Scoot Henderson’s strengths
Before diving into Henderson’s skills, it’s worth examining his size and athleticism because some misconceptions have been floating around about these topics. Sticking around the league as an undersized guard has become increasingly difficult in the modern era. Without considering context, Henderson is right on the cusp of what many would consider “undersized” for a guard, as he stands at only about 6-foot-2.
Take it from someone who had the privilege of seeing Henderson play in person: there is nothing to be concerned about. For being only 6-foot-2, Henderson has a well-built frame and is a top-tier athlete in his own right. He’s a powerful leaper off one or two feet, has a quick first step and debatably even quicker second and third steps, moves well laterally on the perimeter, and has outstanding functional strength to absorb and repel contact. And perhaps just as importantly, he reportedly has a massive 6-foot-9 wingspan (only about one inch shorter than Dejounte Murray).
Being an outstanding athlete with promising measurables isn’t enough to make a draft prospect as highly touted as Henderson is, though. In addition, Henderson is likely the most poised pick-and-roll guard in this class, as he’s capable of making and executing high-level passing reads and scoring on his own off screens, as he already has a strong midrange game that he can rely on when he can’t leverage his sheer athleticism to get to the bucket.

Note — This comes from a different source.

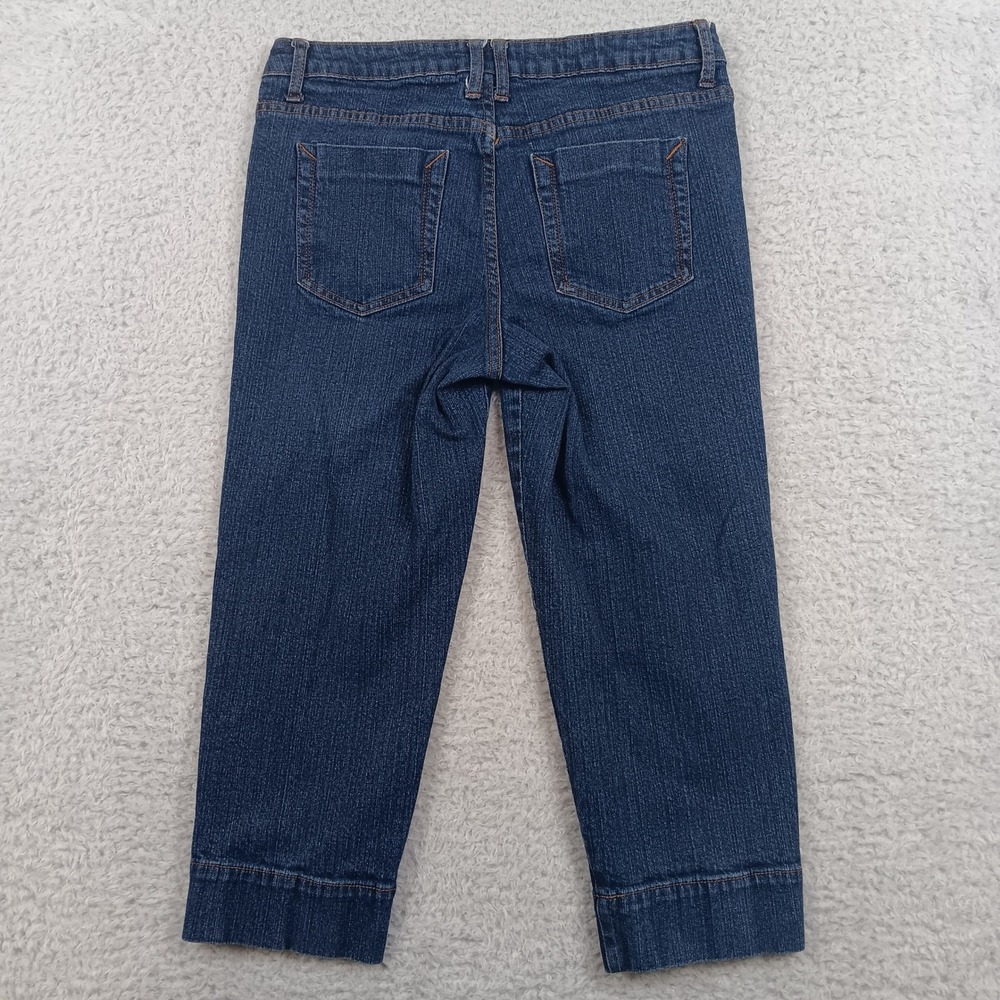 The Limited Capri Jean Womens 8 Blue Dark Wash Stretch Wide Cuff Denim - Picture 2 of 8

His blend of powerful above-the-rim finishes and soft-touch below the rim is incredibly impressive for his age. He constantly keeps defenders guessing on drives to the rim, has a fundamental understanding of angles, knows when the avoid or initiate contact, and uses craft to keep the ball away from defenders. Combine these qualities with his tight ballhandling skills, and you have a guard that can get to the paint and create advantages for himself and others at will.

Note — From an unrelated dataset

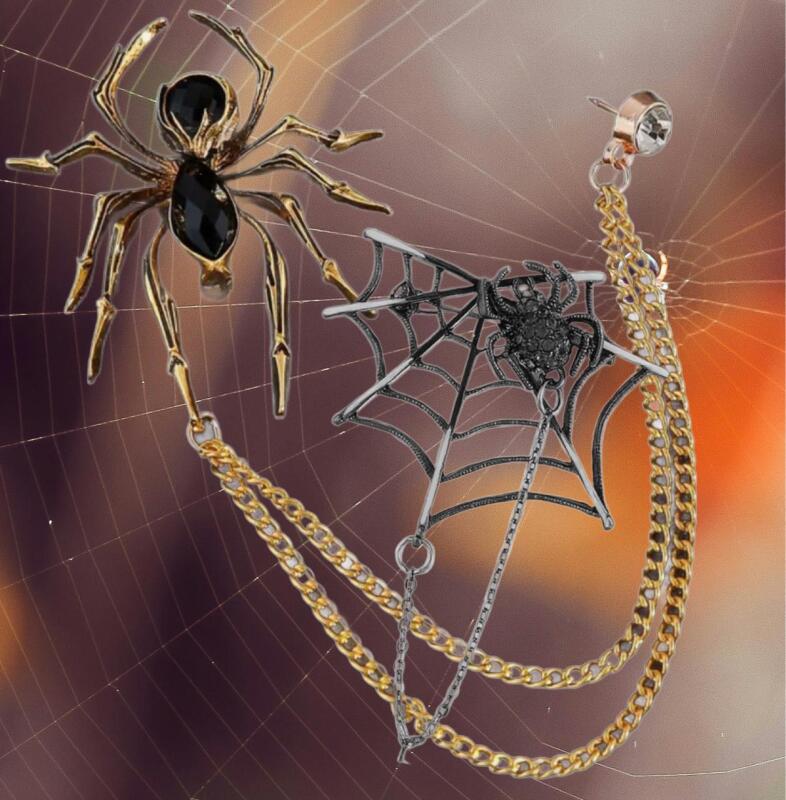 Two Vintage Inspired Spider Chatelaine Brooches Rhinestones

Scoot Henderson’s areas for improvement
I have yet to come across a flawless draft prospect in my time doing this—yes, including Victor Wembanyama—and Henderson is no exception either. Most notably, Henderson will have to improve as a three-point shooter both off the catch and off the dribble, as he only hit about 33% of his threes this season. But considering that he improved that efficiency by 11% compared to his first season with the Ignite, has shown plenty of flashes of touch around the rim and in the midrange, and hit about 74% of his free throws, improving in this area is well within the realm of possibility.
Henderson had some lapses as a decision-maker while being tasked with running a G-League team’s offense at such a young age. His questionable decisions often took the form of dangerous or easily-interceptable passes, contested shots early into the shot clock, or just flat-out forcing the issue against tough defense instead of remaining patient for a better play. But these issues are highly correctable with experience and tough coaching, and frankly, it would be more unusual if Henderson weren’t having some of these lapses against professional competition.